Reasoning: Let T = tall (dominant), t = dwarf, W = violet (dominant), w = white.
- Short white parent must be tt ww (homozygous recessive for both).
- Progeny = all violet ⇒ every offspring received at least one W allele. This is possible only if the tall parent was homozygous for violet, i.e. WW (not Ww — a Ww × ww cross would give half white).
- Progeny = about half tall, half short ⇒ the tall parent must have been heterozygous for height (Tt). A Tt × tt cross gives 1 tall : 1 dwarf.
Combining the two conclusions, the tall parent's genotype is Tt WW, which matches option (c).
Frequently Asked Questions — NCERT Exercises & Intext Questions
How do I solve NCERT Class 10 Science Chapter 8 (Heredity) exercise questions for the CBSE board exam?
Solve NCERT Chapter 8 — Heredity — exercise questions by first reading the question carefully, writing down the given data, recalling the relevant concepts like heredity, Mendel, inheritance, and applying them step by step.

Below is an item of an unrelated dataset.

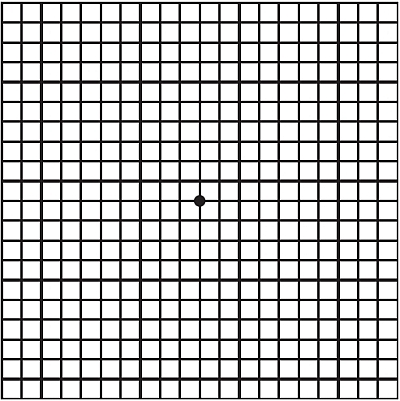 Click here - The Amsler Grid explained - care of the Macular Degeneration Foundation Click here - The Amsler Grid explained - care of the Macular Degeneration Foundation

This Part 3 covers every intext and end-of-chapter exercise from the NCERT textbook. Write balanced equations, label diagrams clearly and show each step — CBSE Class 10 board examiners award step marks even if the final answer has a small slip. Practising these solutions strengthens conceptual clarity and builds speed for the board exam.

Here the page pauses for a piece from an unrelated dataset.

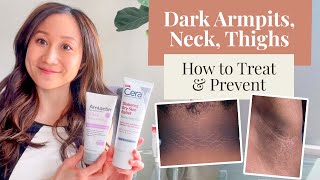 Treating and Preventing Dark Armpits Thighs Neck and Arms  Dr Jenny Liu [upl. by Libbna674]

Are the NCERT intext questions from Heredity important for the Class 10 board exam?
Yes, NCERT intext questions for Chapter 8 Heredity are highly important for the CBSE Class 10 Science board exam. Many board questions are directly lifted or only slightly modified from these intext questions, and they test the foundational concepts — heredity, Mendel, inheritance — that chapter-end questions build on. Attempt every intext question first, then move on to the exercises. This practice ensures complete NCERT coverage, which is the CBSE exam's primary source.
What types of questions from Heredity are asked in the CBSE Class 10 Science board exam?

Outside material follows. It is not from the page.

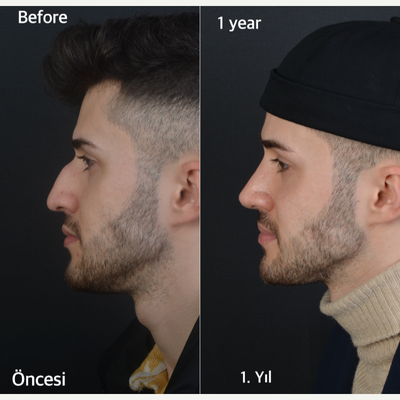Septoplasty before and after photo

The CBSE Class 10 board paper asks a mix of question types from Heredity: 1-mark MCQ and assertion-reason, 2-mark short answers, 3-mark explanations, 5-mark long answers with diagrams or derivations, and 4-mark competency-based / case-study questions. These test understanding of heredity, Mendel, inheritance, sex determination. Practising every NCERT exercise and intext question prepares you to answer all of these formats with confidence.
How many marks does Chapter 8 — Heredity — carry in the Class 10 Science CBSE paper?
Chapter 8 — Heredity — is part of the Class 10 Science syllabus and typically contributes 5–9 marks in the CBSE board paper, depending on the annual weightage. Questions are drawn from definitions, reasoning, numerical/descriptive problems and diagrams on topics like heredity, Mendel, inheritance. Solving the NCERT exercises in this part is essential because CBSE directly references NCERT for question design.
Where can I find step-by-step NCERT solutions for Chapter 8 Heredity Class 10 Science?
You can find complete, step-by-step NCERT solutions for Chapter 8 Heredity Class 10 Science on MyAiSchool. Every intext and end-of-chapter exercise question is solved with full working, labelled diagrams and CBSE-aligned mark distribution. Solutions highlight key points about heredity, Mendel, inheritance that examiners look for. This makes revision quick and exam-focused for Class 10 CBSE board students.
What is the best way to revise Heredity before the Class 10 Science board exam?
The best way to revise Heredity for the CBSE Class 10 Science board exam is a three-pass approach. First pass: skim the chapter and note down key terms like heredity, Mendel, inheritance in a one-page mind map. Second pass: solve every NCERT intext and exercise question without looking at the solution, then self-check. Third pass: attempt previous CBSE board questions and competency-based questions under timed conditions. This structured revision secures full marks for this chapter.